The yards are being uprooted from their historic home to accommodate a new 526,000-square-foot equestrian center, one of eight buildings expected to rise on the National Western Center grounds by 2023.

Paul Andrews, the National Western Stock Show’s president and CEO, points out their future home also is historically cattle country. The 20 acres they are moving to on the north end of the grounds at one point were part of a massive complex of stockyards in the area, active year-round with cattle, pigs and sheep brought in by rail to be slaughtered and processed in the surrounding meatpacking plants.

When the new yards are completed in 2021, the pens won’t be permanent, wooden structures anymore. A majority will be temporary, giving the National Western Center Authority, formed to manage the 250-acre property into the future, flexibility to book concerts and other special events when the area isn’t crawling with critters for 16 days each January.

“Between now and 2023, you’re going to witness a rebirth that, frankly, has never happened at this site,” Andrews said. “I’m excited for this time period.”

An artist’s rendering of the new National Western Center project in Denver.

Not everyone is enthusiastic for the changes ahead.

One of the best things about going to the stock show for Joey Freund, manager and co-owner of Running Creek Ranch near Elizabeth, is seeing people he has gotten to know through the years. The yards, with their maze of pens and catwalks, are where a lot of business and catching up take place.

“Gosh, if they tear down the old stockyards, can we ever duplicate what happened in the old ones with the new set of pens? It will definitely have a different feel,” Freund said.

He wonders if the all the construction, including on Interstate 70, which runs along the southern edge of the National Western complex, will discourage visitors in the years ahead.

One upside to the renovation: “Less slivers from all those old boards,” Freund said.

Official say construction work will shut down every year at stock show time. But the campus will be squeezed, shifted and shuffled to accommodate it. The process is sure to disorient longtime participants, even if construction crews go out of their way to minimize disruption.

This week, Andrews is focused on the task at hand: the 113th National Western Stock Show.
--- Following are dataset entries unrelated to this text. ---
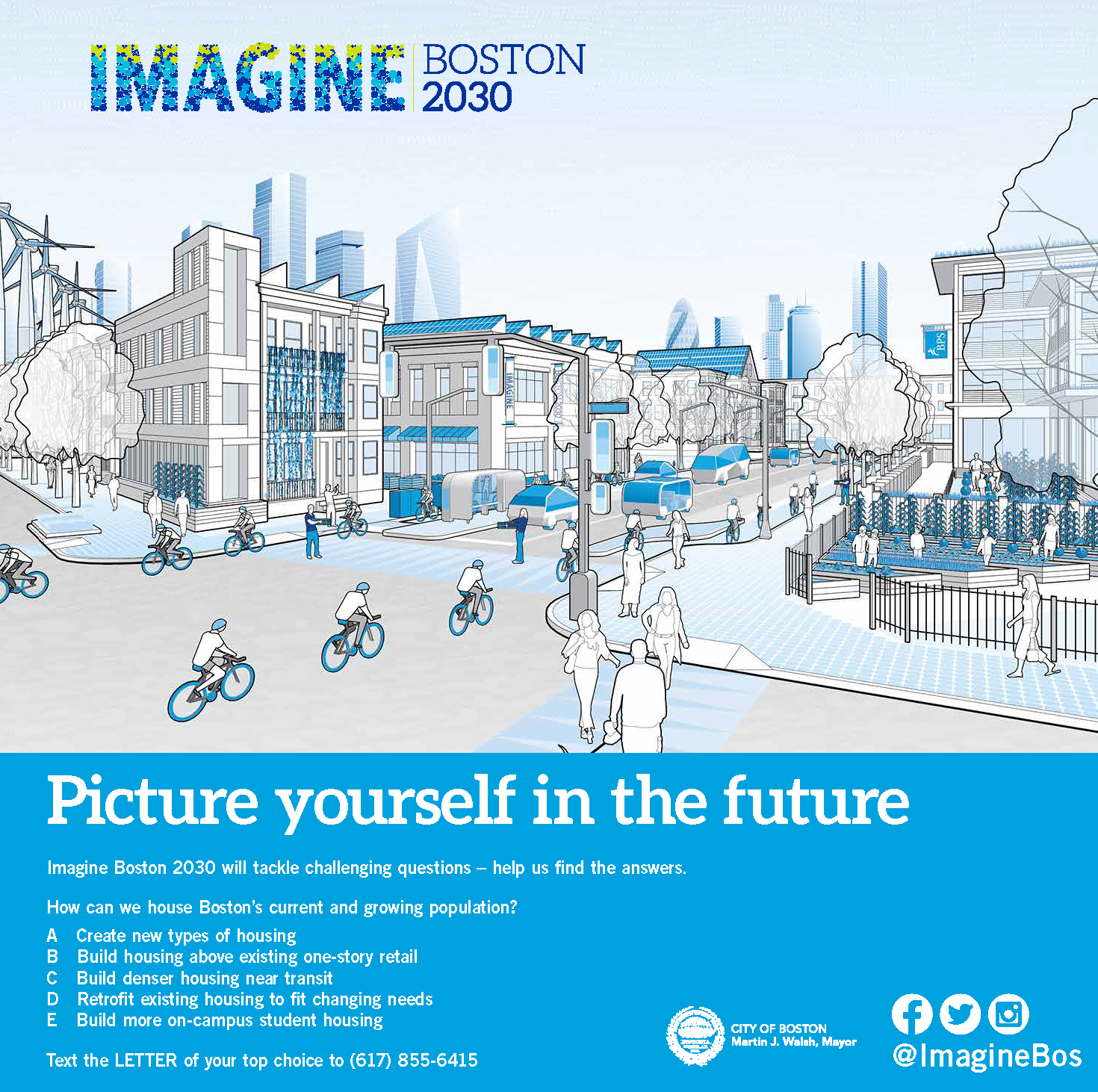 Image for imagine boston photo booth ad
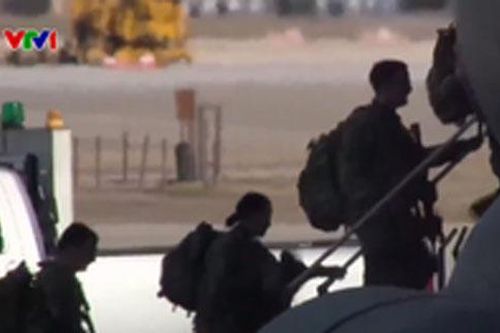 Iraq tăng cường truy quét các phần tử IS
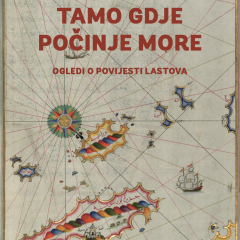 More koje povezuje: nova knjiga o povijesti Lastova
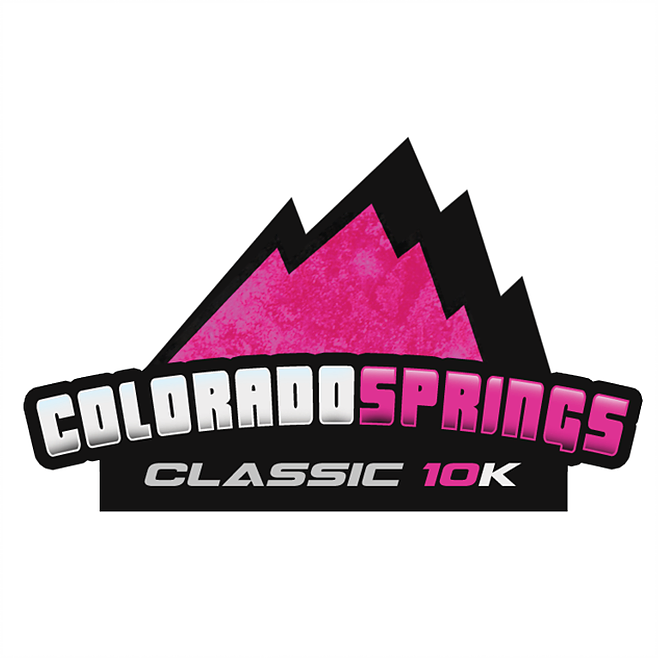 Colorado Springs Classic 10K logo on RaceRaves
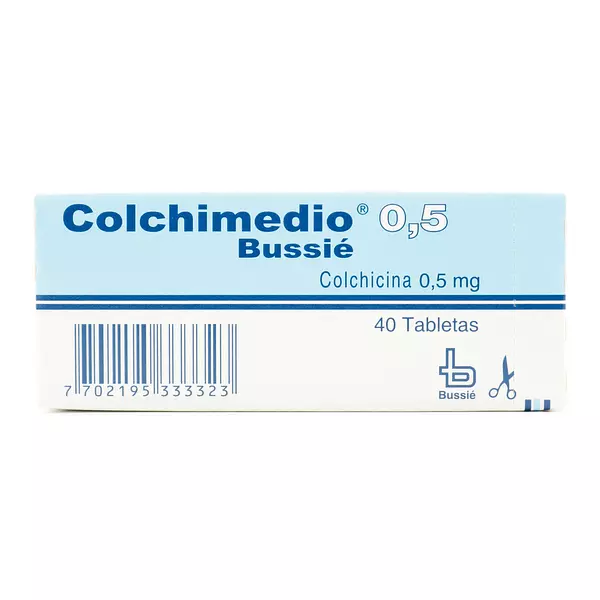 Colchimedio Tabletas Cja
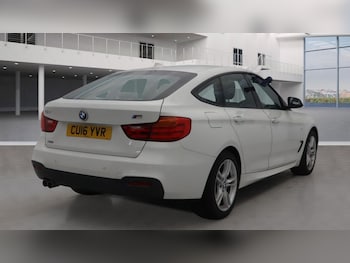 Used BMW 3 Series Gran Turismo 2016 for sale - 77038196: Photo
Early demolition work has cleared the way for about 500 to 700 more free parking spots on the grounds this year. Andrews is touting it as the most parking in the event’s history, a welcome luxury after work on a now-completed Brighton Boulevard snarled event traffic last year.
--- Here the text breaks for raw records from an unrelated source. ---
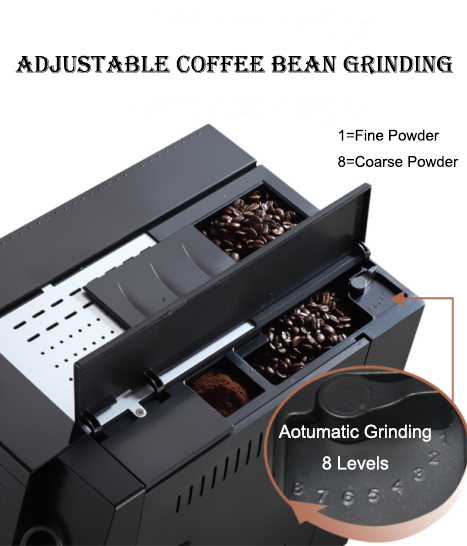 全自動業務用エスプレッソコーヒーメーカー - Coffee Maker のレビューと価格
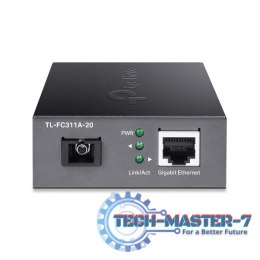 Konwerter mediów FC311A-2 1GE WDM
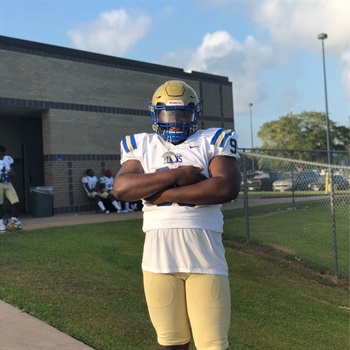 Daelon Mitchell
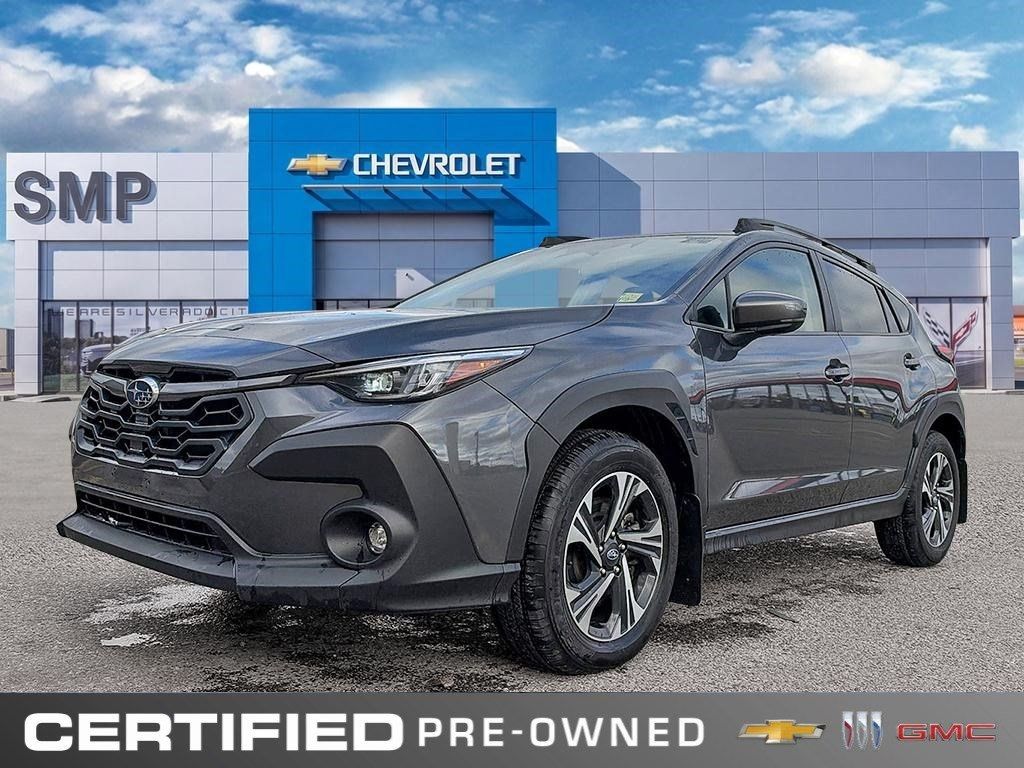 Used 2024 Subaru Crosstrek Touring 8526A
He, too, recommends a visit to the old yards.

“This is the most prestigious livestock show in the world,” he said. “To win here puts you on the map forever as a livestock producer.”

Where better to appreciate that than on the ground where the animals have been shown for more than a century?

A bit of historical context to keep in mind regarding the bovines: The grand champion steer in 1906 sold for 33 cents per pound. In 2018, the top steer sold for $140,000, roughly $104 per pound.

The old yards, and the National Western complex itself, may have been abandoned altogether had Denver not thrown its municipal weight behind redevelopment. There once was talk of moving the stock show to Aurora, near where the Gaylord Rockies Resort is today.

Bringing in the new should help preserve the old. Andrews said “every piece of wood” from the pens will be used in forthcoming projects. Fessenden, the historian, said he has been collecting and compiling archival material — photographs, catalogs from past shows, etc. — but with the campus in its current state, there is no place to keep and display the collection.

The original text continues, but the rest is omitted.